Así que en pelotas a la camilla que te toca. Primero, claro, en uno de los cubículos de urgencias: la camilla y una cortina que te separa del otro enfermo que está un poco más allá. Y comienzan las pruebas: te toman el pulso, la tensión, la temperatura, te sacan sangre, te empiezan a agujerear poniéndote una vía (que como me la pusieron en el brazo derecho, luego tuvieron que cambiarla al izquierdo), a afeitarte (a mí me pelaron la muñeca derecha y la toda ingle: un trabajo de aliño). De pronto apareció una especie de grúa y pensé qué exagerados si me han de cambiar a otra camilla no precisaban grúa, lo puedo hacer yo mismo. Pero no era eso, era una máquina portátil de radiografías. Bueno, pues radiografías del pecho. Fue curioso porque la médico que las hacía gritaba en voz alta. ¡Ojo, rayos, todos fuera! Luego trajeron a urgencias a una señora que gritaba desconsolada “¡¡eu morro, eu morro!!” (me muero, me muero) mientras las enfermeras trataban de tranquilizarla. Dos camillas más allá había alguien que suspiraba y repetía como un karma, ¡Dios mío, Dios mío! Al poco oí a alguien gritar en el pasillo: “¿Quién ha visto al de la funeraria?” Mucho follón.
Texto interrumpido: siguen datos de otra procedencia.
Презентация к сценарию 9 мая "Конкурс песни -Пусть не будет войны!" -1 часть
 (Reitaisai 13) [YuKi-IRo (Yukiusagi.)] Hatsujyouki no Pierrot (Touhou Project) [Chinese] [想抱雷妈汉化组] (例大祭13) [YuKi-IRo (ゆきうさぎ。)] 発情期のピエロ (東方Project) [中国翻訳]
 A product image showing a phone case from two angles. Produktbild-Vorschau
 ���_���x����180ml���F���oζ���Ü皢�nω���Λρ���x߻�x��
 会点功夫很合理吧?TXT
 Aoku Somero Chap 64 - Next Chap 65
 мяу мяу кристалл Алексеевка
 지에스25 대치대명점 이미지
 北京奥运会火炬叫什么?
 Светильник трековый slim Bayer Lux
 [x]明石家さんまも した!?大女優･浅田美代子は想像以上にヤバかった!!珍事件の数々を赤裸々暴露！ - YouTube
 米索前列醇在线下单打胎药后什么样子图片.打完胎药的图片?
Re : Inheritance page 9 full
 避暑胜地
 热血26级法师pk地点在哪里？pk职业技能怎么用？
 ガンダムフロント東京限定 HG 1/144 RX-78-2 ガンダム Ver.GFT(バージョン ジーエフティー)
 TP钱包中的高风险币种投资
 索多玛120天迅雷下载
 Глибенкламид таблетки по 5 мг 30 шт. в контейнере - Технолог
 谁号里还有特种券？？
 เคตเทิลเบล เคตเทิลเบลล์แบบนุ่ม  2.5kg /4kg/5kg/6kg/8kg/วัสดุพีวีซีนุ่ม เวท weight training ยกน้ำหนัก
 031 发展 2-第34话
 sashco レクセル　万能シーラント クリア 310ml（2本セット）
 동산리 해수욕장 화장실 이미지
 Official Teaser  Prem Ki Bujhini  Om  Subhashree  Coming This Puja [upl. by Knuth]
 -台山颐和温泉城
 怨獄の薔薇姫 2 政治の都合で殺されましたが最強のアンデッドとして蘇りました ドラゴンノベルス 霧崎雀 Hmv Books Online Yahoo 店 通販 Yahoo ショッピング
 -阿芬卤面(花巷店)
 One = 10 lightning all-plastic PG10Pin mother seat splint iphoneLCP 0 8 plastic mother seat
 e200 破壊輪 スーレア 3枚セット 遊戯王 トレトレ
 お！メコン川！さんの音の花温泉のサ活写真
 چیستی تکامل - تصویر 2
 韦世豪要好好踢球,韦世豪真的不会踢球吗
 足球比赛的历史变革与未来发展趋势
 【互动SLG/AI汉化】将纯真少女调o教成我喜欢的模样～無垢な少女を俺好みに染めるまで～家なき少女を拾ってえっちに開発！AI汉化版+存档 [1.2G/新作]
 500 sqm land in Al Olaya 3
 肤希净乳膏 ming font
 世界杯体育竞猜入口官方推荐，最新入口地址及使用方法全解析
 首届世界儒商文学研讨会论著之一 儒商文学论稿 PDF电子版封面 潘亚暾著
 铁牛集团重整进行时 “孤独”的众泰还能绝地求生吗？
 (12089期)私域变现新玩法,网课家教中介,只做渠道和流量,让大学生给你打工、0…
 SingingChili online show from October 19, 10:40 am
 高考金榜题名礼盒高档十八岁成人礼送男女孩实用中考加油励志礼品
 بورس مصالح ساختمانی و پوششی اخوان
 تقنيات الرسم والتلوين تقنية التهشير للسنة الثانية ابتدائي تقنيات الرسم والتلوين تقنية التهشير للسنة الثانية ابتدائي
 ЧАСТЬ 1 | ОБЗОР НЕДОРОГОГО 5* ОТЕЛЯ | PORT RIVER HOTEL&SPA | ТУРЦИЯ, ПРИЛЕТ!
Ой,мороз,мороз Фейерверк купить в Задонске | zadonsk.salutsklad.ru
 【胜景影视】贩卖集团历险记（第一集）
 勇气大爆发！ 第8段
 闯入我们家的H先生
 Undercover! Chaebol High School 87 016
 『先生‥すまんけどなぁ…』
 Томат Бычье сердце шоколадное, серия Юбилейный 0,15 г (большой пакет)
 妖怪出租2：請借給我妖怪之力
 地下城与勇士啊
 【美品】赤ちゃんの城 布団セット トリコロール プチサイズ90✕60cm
Después llegó una médico que volvió a preguntarme qué me había pasado. Yo comencé…”como ya le he dicho a su compañero…”, pero enseguida me cortó: No, quiero que me lo cuente a mí. Y empecé de nuevo la historia. Ella estaba obsesionada con los detalles: y cómo se levantó del sofá, y cuántos pasos dio, y cuánto tiempo perdió el conocimiento, y qué cara tenía cuando se cayó (las alternativas eran chocantes: estaba amarillo, blanco, rojo),  y cómo me quedé en el suelo (que si despatarrado o bien colocado). En fin, seguro que todas son preguntas sensatas pero tanta precisión en un momento así, resulta difícil. Además, como estaba con mi mujer, bastaba que yo escogiera una alternativa para que a ella le pareciera más acertada otra.

Y así, se fue echando la noche. La cosa se alargó porque, al parecer, la gente se había ido a cenar (y yo allí con un hambre que me moría). Pero, al final, tras un buen rato me llevaron a la habitación. Zona intermedia, me dijeron, ni con los enfermos críticos ni con los de planta.
Y así llegué a la primera noche. Estaba solo en la habitación y como me sentía bien no quise que nadie se quedara conmigo. Al final, aquello era como una noche más de las que suelo pasar en los hoteles de medio mundo.